U.S. auto sales remain robust despite rising fuel prices, looming budget cuts
J.D. Power partner raises '13 forecast to 15.3 million
February is shaping up to be the fourth straight month with a U.S. sales pace above 15 million units.
U.S. auto sales in February remain strong despite rising fuel prices and the threat of fresh government spending cuts, several forecasters and analysts say.
LMC Automotive, the forecasting partner of J.D. Power and Associates, today projected a seasonally adjusted annualized sales rate of 15.2 million for February, based on the first 14 days of the month.
Citing an improving U.S. economy, LMC also raised its estimate for the full year by 200,000 units to 15.3 million light vehicles.
U.S. sales grew 13 percent last year to 14.5 million units, as the industry continued its comeback from the recession low of 10.4 million recorded in 2009.
"Current fundamentals driving strong vehicles sales … are expected to get a boost by additional positive factors this year," said Jeff Schuster, the company's top auto forecaster, citing an anticipated housing recovery, more new-model launches and a higher number of vehicles coming off lease.
Automakers plan to release February sales results on March 1.
John Humphrey, senior vice president of global automotive practice at Power, said the auto industry is healthy.

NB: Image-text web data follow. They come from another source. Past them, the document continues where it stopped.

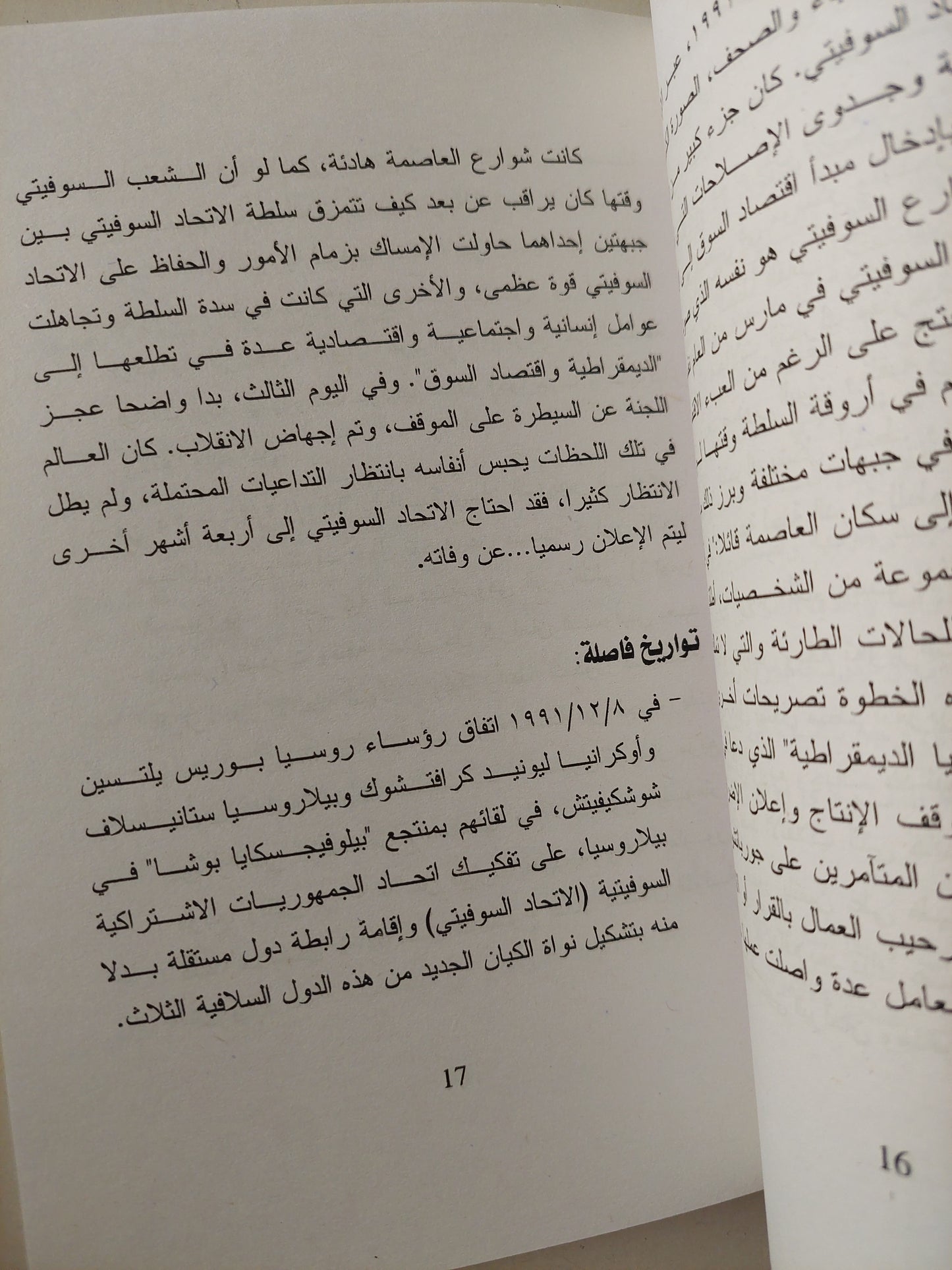 الدروس المستفادة من الثورة الروسية / أشرف الصباغ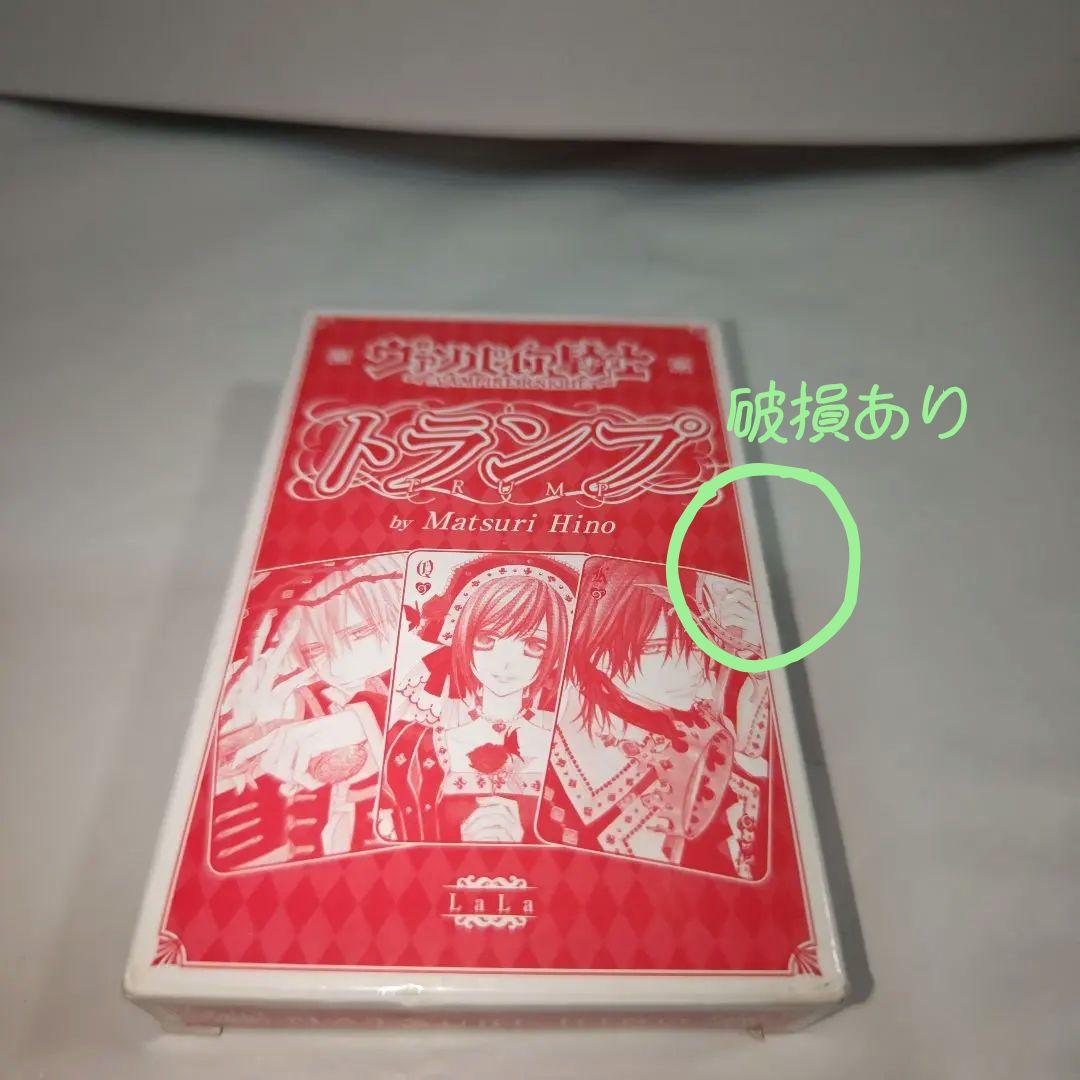 トランプ Vampire Knight Matsuri Hino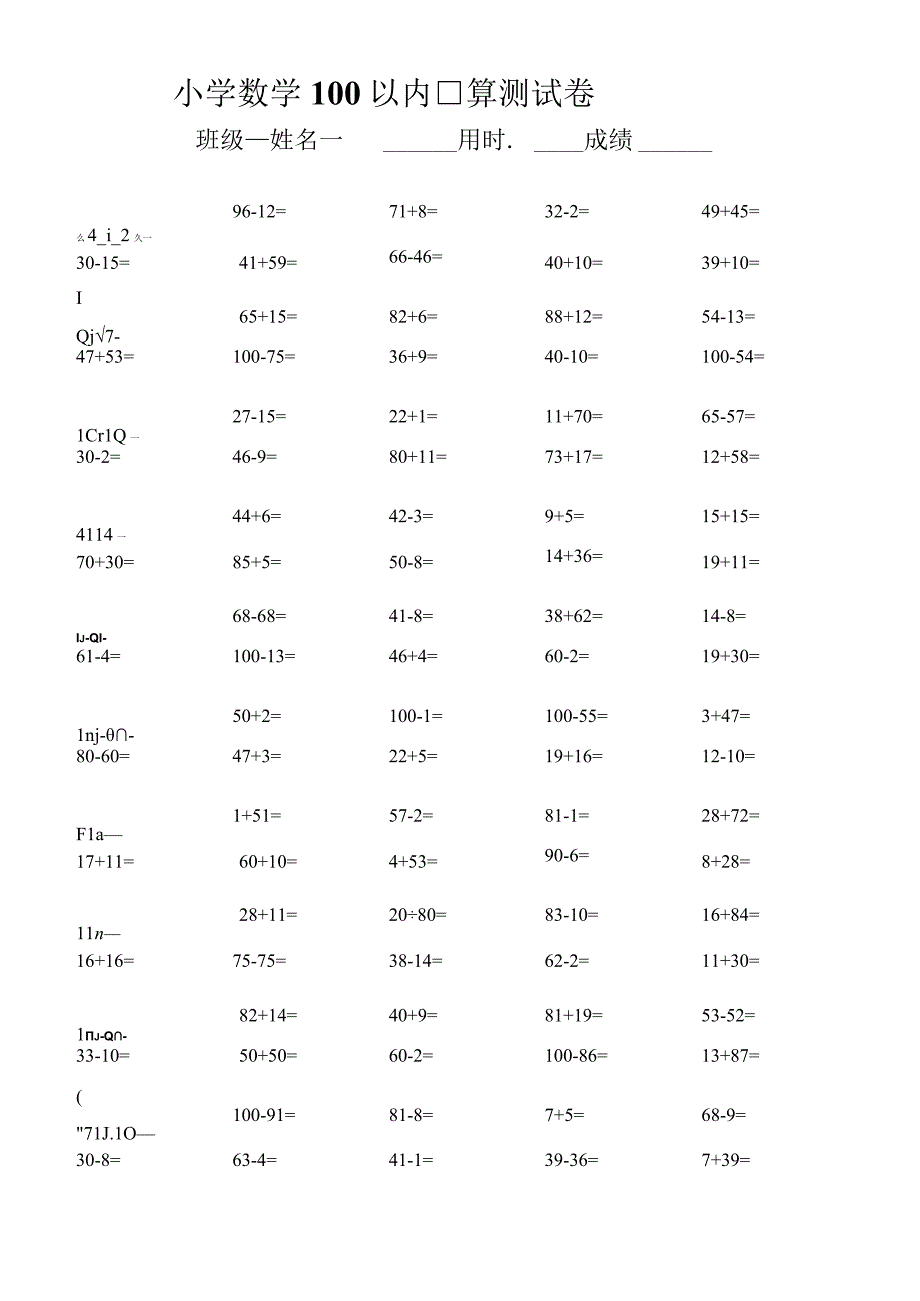 一年级下册口算和笔算练习题.docx_第3页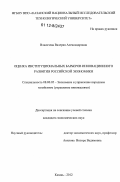 Власичева, Валерия Александровна. Оценка институциональных барьеров инновационного развития российской экономики: дис. кандидат экономических наук: 08.00.05 - Экономика и управление народным хозяйством: теория управления экономическими системами; макроэкономика; экономика, организация и управление предприятиями, отраслями, комплексами; управление инновациями; региональная экономика; логистика; экономика труда. Казань. 2012. 208 с.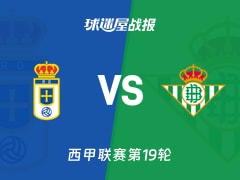 【西甲联赛第19轮】皇家奥维耶多vs贝蒂斯比赛结果：皇家奥维耶多(1-1)贝蒂斯比分战报(2026年01月10日)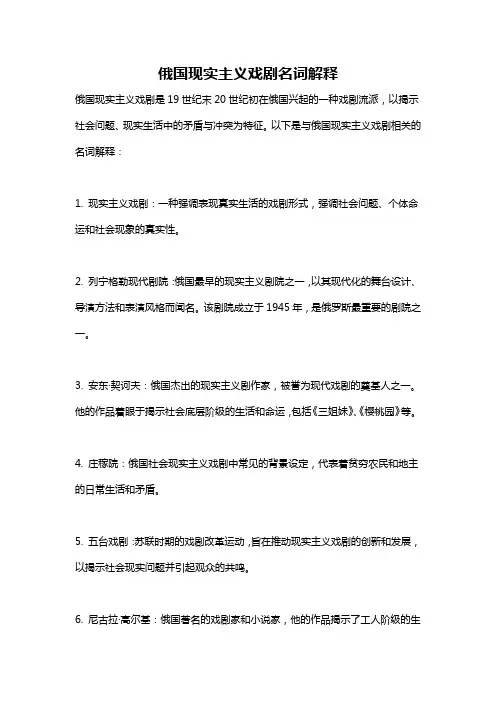 俄国现实主义戏剧名词解释
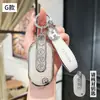 Nova Capa de Chave Wuling Hongguang Miniev 2022 Fivela Mini Macaron para Bolsa Kaige Journey Baojun 730 para Mulheres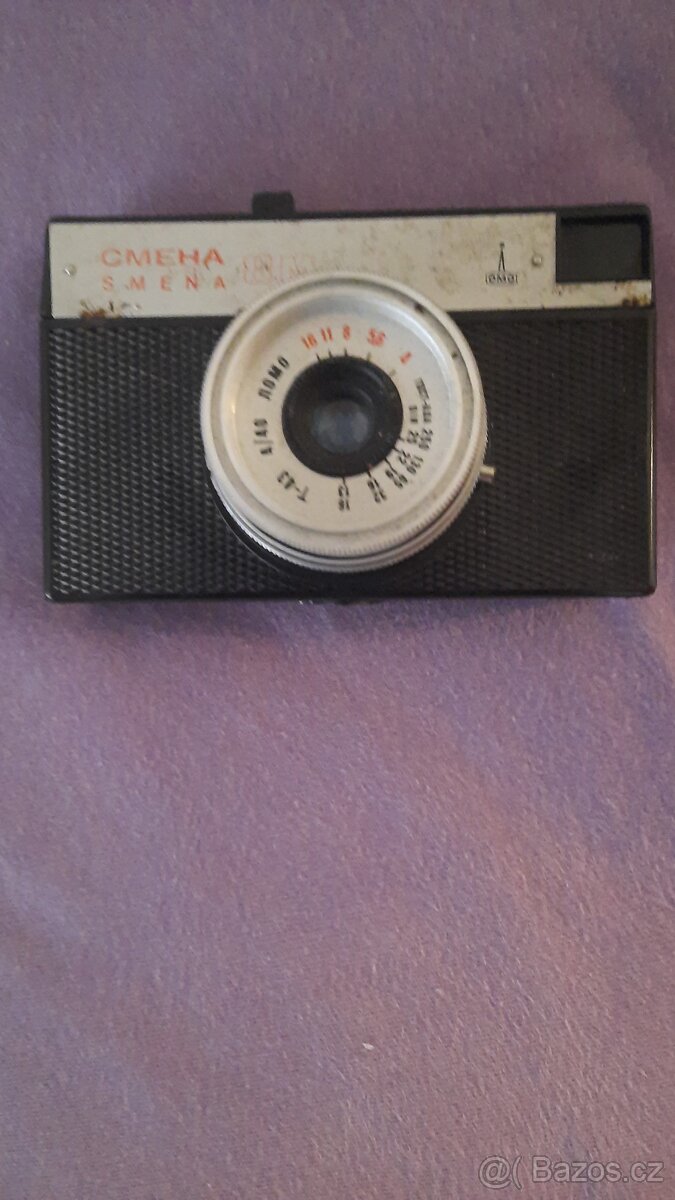 smena - 2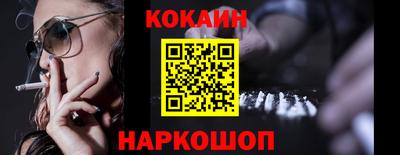 мескалин Краснознаменск
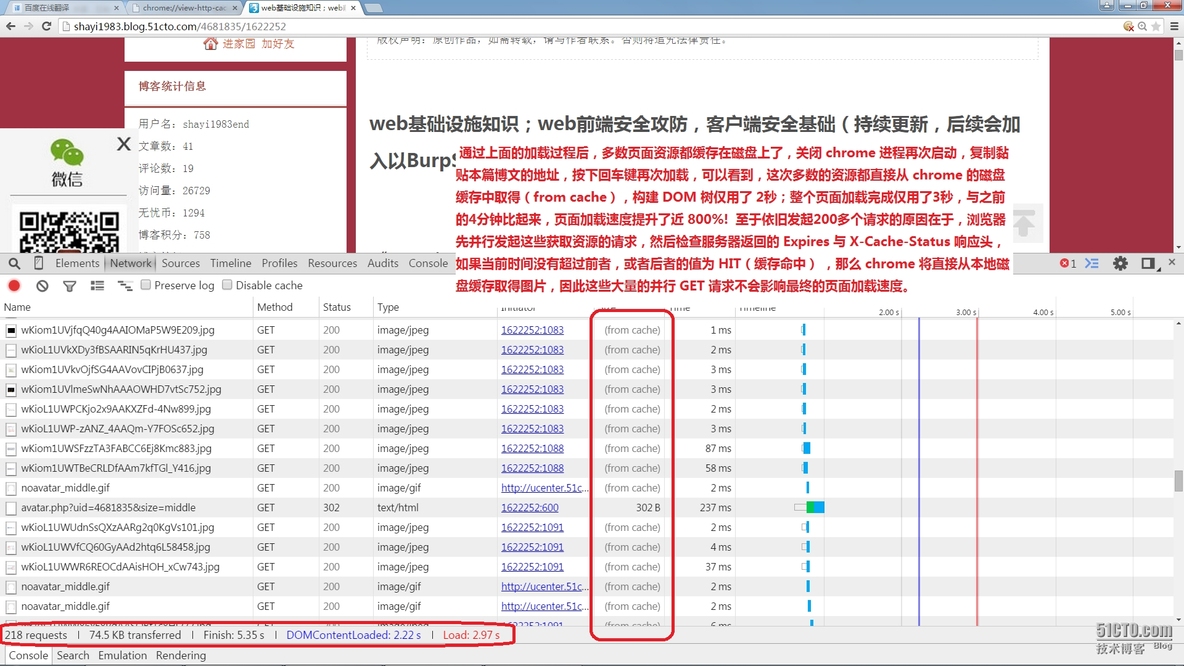 web基础设施知识；web前端安全攻防，客户端安全基础_chrome_10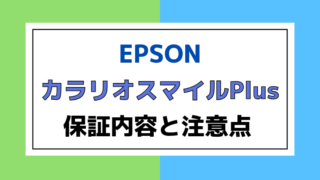 カラリオスマイルPlusは必要？保証内容と注意点について解説！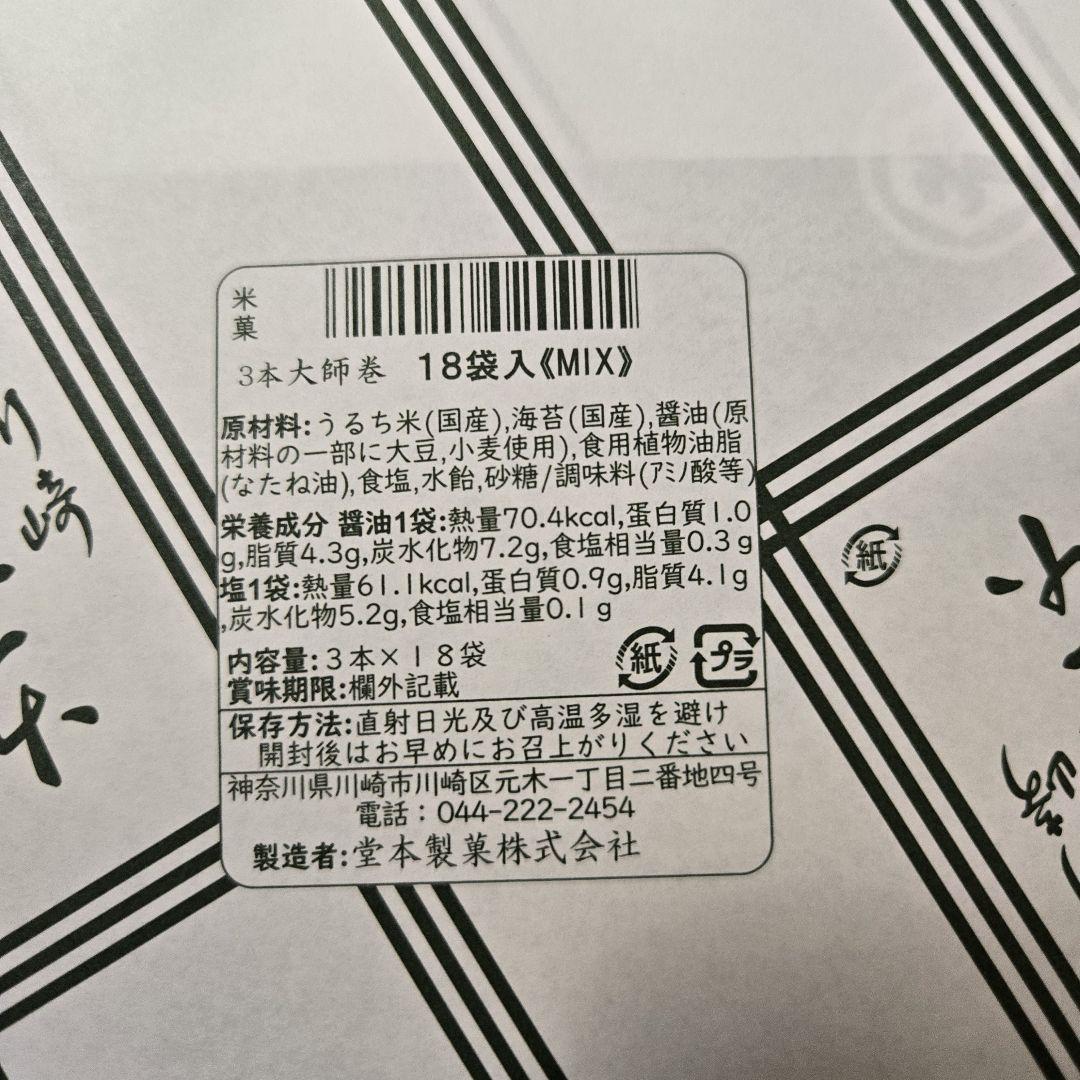 堂本製菓大師巻MIX18袋(塩味3本入9袋／醤油味3本入9袋)贈答用BOX５箱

"Average transaction prices are up, incentives are stable, leasing is at a healthy level and newly designed models continue to make an impact on the marketplace," he said in a statement.
Edmunds.com estimates February volume at 15.5 million on a seasonally adjusted annualized sales rate basis.
"Car sales are persevering despite economic factors on people's minds like rising gas prices and the implementation of the payroll tax," said Edmunds analyst Jessica Caldwell in a statement, citing pent-up demand and available credit as positive factors.
It would be the fourth straight month with a sales pace above 15 million, the first such streak for the industry in five years.
LMC Automotive expects the February retail SAAR to be 12.1 million, down from January's brisk 13.1 million rate but up from 11.7 million last February.
Richard Kwas, an analyst with Wells Fargo, said today the SAAR is expected to reach 15.1 million to 15.2 million, and could climb higher, in February.
"A number of [automakers] have introduced new incentive programs through the end of the month post the expiration of President's Day spiff programs," Kwas said in a research report today. "[Higher] North American production ... is possible if the SAAR begins to trend in the mid-15 million range beginning in the spring."
Auto sales -- an ongoing strength in the U.S. economy -- have largely defied other developments that have led to a choppy recovery and prompted some consumers to cut back spending in recent months.
U.S. gasoline prices averaged $3.75 a gallon this week, up 52 cents so far this year and 16 cents higher than a year ago, the U.S. Energy Information Administration said.
On Jan. 1, payroll taxes rose 2 percent after a two-year holiday lapsed.
And Congress is deadlocked on legislation to avert large government spending cuts. Unless a deal is reached by Thursday, the federal government must implement deep spending reductions in defense and social programs starting March 1.